WORK TO BE COMPLETED:
For this exercise, write out only the lines of the entries below from the one with "Набор для пикника" up to and including the one with "Kingdom Hearts Re:coded", exactly as they are. Pictures stay out.

LISTED RECORDS:

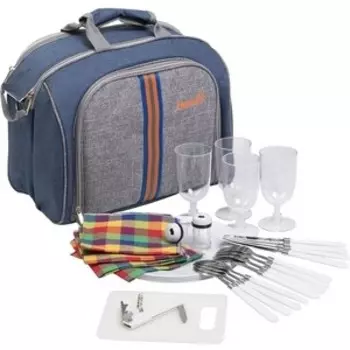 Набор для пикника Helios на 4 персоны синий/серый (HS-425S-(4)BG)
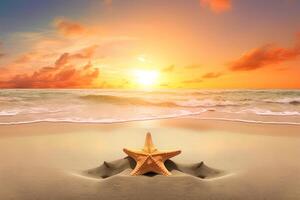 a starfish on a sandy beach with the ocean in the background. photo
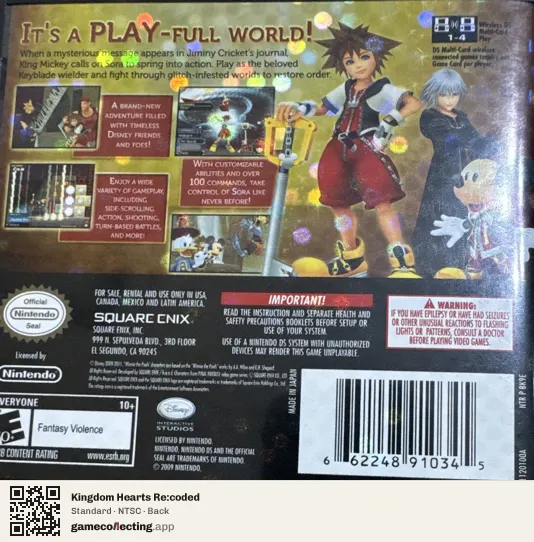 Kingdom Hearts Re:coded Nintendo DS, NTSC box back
...
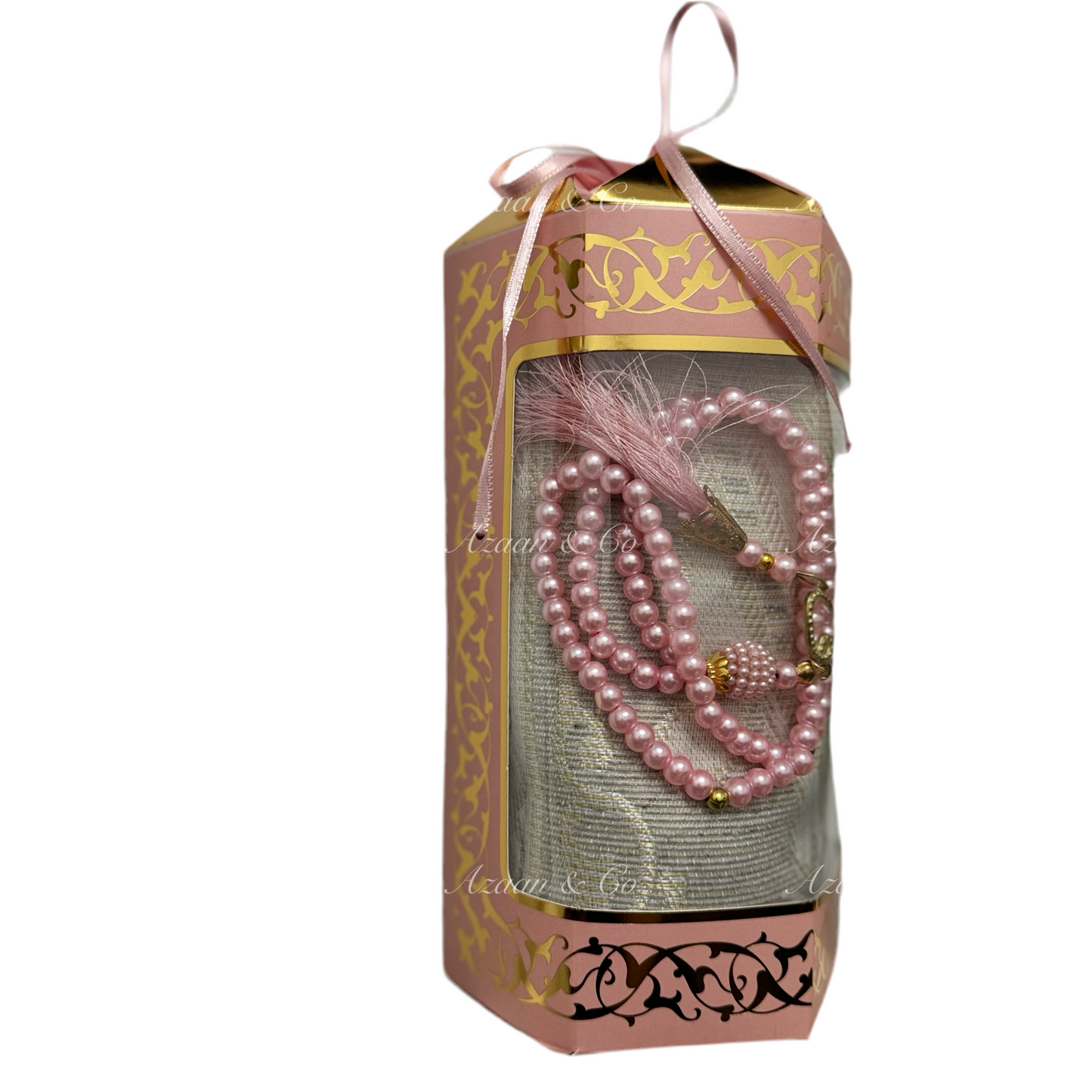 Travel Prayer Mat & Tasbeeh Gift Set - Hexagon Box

YOUR SOLUTION:
 Набор для пикника Helios на 4 персоны синий/серый (HS-425S-(4)BG)
 a starfish on a sandy beach with the ocean in the background. photo
 Kingdom Hearts Re:coded Nintendo DS, NTSC box back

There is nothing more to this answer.